A cramped setting, an onslaught of clever dialogue and a twisty plot go a long way in Scare Me, an impressive little movie from writer/director Josh Ruben, who also stars.
North of New York City, secluded in a cabin in the woods, two writers weather a power outage by telling each other scary stories. Relative strangers at the start of the night, Fanny (Aya Cash) is a successful horror novelist and Fred (Ruben) is not. An incredibly impressive sound mix (and some minimal creature effects) aid our leads in their storytelling, each writer bounding about the cabin to convey the thrills and twists within. The location feels perfect for film, including a creepy second floor and a considerable amount of shadow that creates an ominous aesthetic.
From the start, it’s clear that Fanny is better at the game. She constantly helps Fred with each story, much to his chagrin. Cash, who you know from You’re The Worst, is the MVP here. Her confidence and charm serve as a source of admiration for Fred at first, before the night starts to devolve into something else.

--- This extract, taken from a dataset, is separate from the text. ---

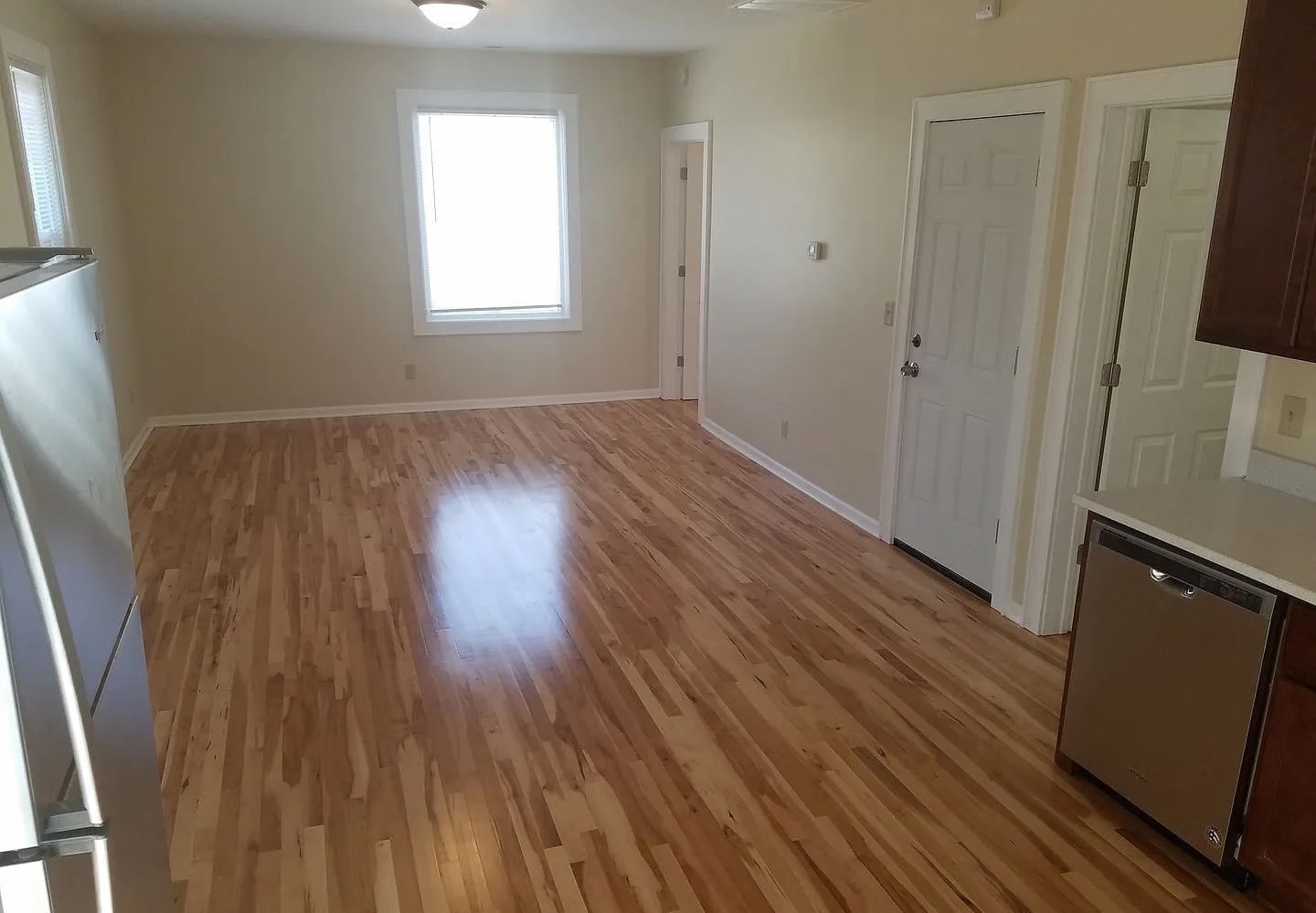 2477 Dousman - Living Room - 2477-2479 N Dousman St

A third character (Chris Redd) is introduced halfway through to complicate things, re-energizing a narrative at the precipice of stagnation. Redd, one of the most talented current SNL cast members, makes the most of his limited screen time. Ruben directs himself well enough, though it is clear he knows the x-factor in his arsenal is Cash as the co-lead. As motivations shift in the third act, Fanny runs through a gamut of emotions. The thesis of the entire picture hinges on the decisions she makes in the final minutes, so it’s a blessing that such a talented performer is at the reins. Ruben and Cash play off each admirably, though some credit must go to the editor, Patrick Lawrence. Snappy cuts and claustrophobic close-ups maintain a certain intensity that’s crucial.

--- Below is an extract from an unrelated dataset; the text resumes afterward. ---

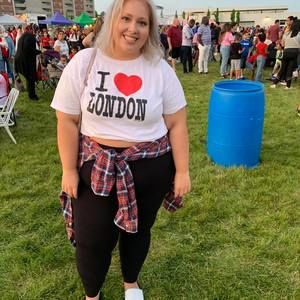 Meet your Posher, Danielle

There’s an obvious love for chamber mysteries past, Ruben making a specific homage to the great Sidney Lumet thriller Deathtrap at one point. Where Scare Me distinguishes itself from standard fare is in its rendering of fear. Specifically, the fear of irrelevance that Fred cannot shake. In this character we find a thirty-something white male acutely aware of his vicious limitations. When confronted–in a contained space–with a female who is smarter and tougher than he is, his worst impulses blossom. Ruben is never subtle about this examination, but goodness is it effective. During a Sundance year in which many films (Promising Young Woman, The Assistant, Into the Deep, On the Record) extrapolate on the sins of the entitled male, Scare Me emerges as a standout. This is a crisp slice of cleverness that demands a reaction.
Scare Me premiered at Sundance Film Festival.